The Menils, who were well-known Catholics, were inspired to establish the chapel after they received advice from a friend known as Rev Marie-Alain Couturier, who believed that modern artists could revive forgotten sacred art. The Rothko Chapel sits next to the campus of the Menil collection2 and has been open to the public almost every day since it was established.
Since it was opened by two founders, the chapel has hosted world leaders and people from all walks of life in its halls. The Rothko Chapel has and will always be an epicenter for civil rights activists and the more than 10,000 people from all over the world that visit the chapel grounds each year.
What can be seen in the chapel?
There is plenty to see and do while at the chapel. The interior contains 14 murals that have been created by renowned artists such as Howard Barnstone, Phil Johnson, Eugene Aubry, and of course, Mark Rothko himself. The Rothko Chapel is also the official home of the Oscar Romero Award, which recognizes courageous grassroots work relating to human rights advocacy.

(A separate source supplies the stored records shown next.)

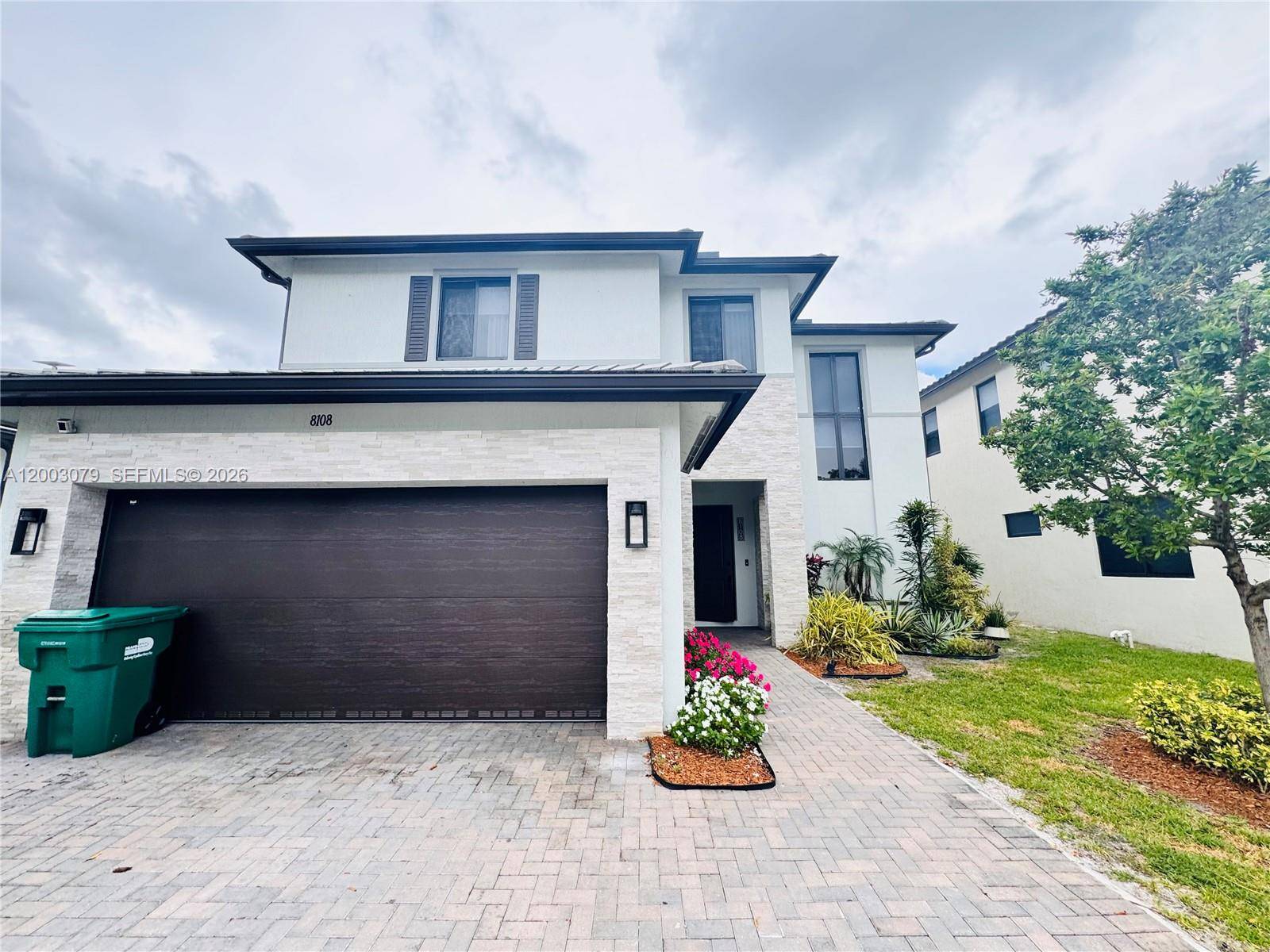 8108 NW 48th TerDoral - Single Family-Annual,House condo unit 8108 - picture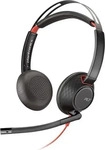 POLY 207586-01, Poly Blackwire 5220 - 5200 Series - Headset - On-Ear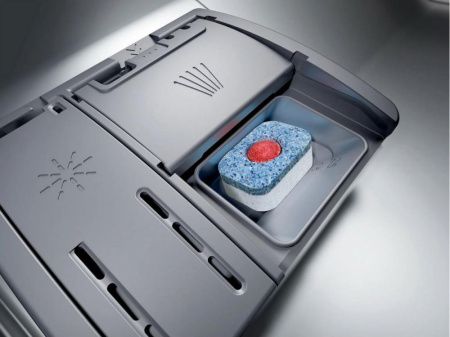 Встраиваемая посудомоечная машина Bosch SPV4XMX20E купить за 69&nbsp;370.43 ₽ в Москве с доставкой по РФ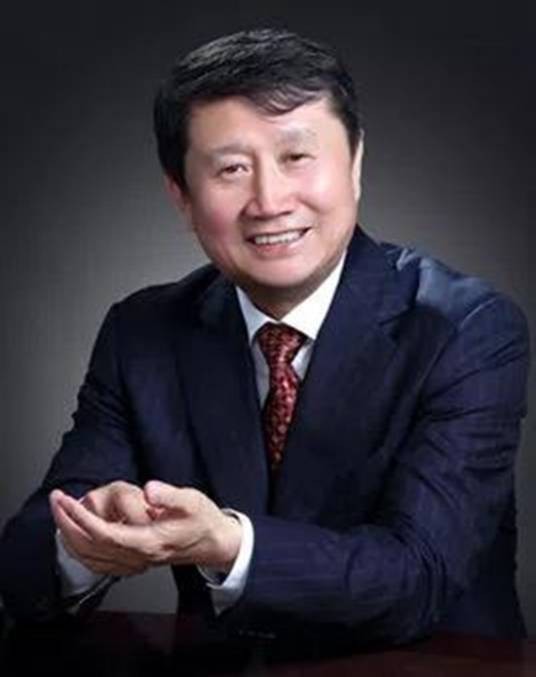 王炳华（华润（集团）有限公司外部董事）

Rothko’s role in making the chapel what it is today
Although a number of artists and architects have helped to shape the reputation of the chapel, Mark Rothko played an invaluable role in ensuring that the chapel was well known in the local community and consequently in the globe. It is because of Mark’s efforts that the chapel was designed in the shape of an octagon inscribed in a Greek cross. Some of Rothko’s art that is still on display in the chapel includes 3 triptychs on one wall and 5 other walls display single Rothko murals.
Video: Mark Rothko in Houston
At the beginning of 1964, Rothko started painting a number of black paintings containing dark hues and texture effects. The hues of the black paintings vary depending on the light intensity of that day so the paintings are different for every visitor that experiences them. According to Rothko, the subject of most of his dark paintings was human emotions expressed in the different color values that Rothko developed from layered pigments.
The effect of his paintings
The end result of his paintings is a deep, provocative and charged feeling that forces audiences to examine their emotions in turn. Because of their simplicity and beauty, Rothko’s paintings at the chapel have been known to move people to the point of tears, which speaks to the artist’s talent.
Location of the chapel in Houston
1409 Sul Ross St, Houston, TX 77006, USA
The Chapel is generally open every day of the year from 10 am – 6 pm. On occasion, it closes to the general public for programs and private services. Please check today’s hours and calendar before your visit.
Free street parking is available on Yupon, Branard, and Sul Ross streets around the Chapel. Visitors of the chapel are also welcome to use the Menil Collection parking lot located at the intersection of Mulberry and West Alabama streets. The Moran Parking Garage at the intersection of Graustark and West Alabama streets on the campus of the University of St. Thomas is also available for parking for $5 per car.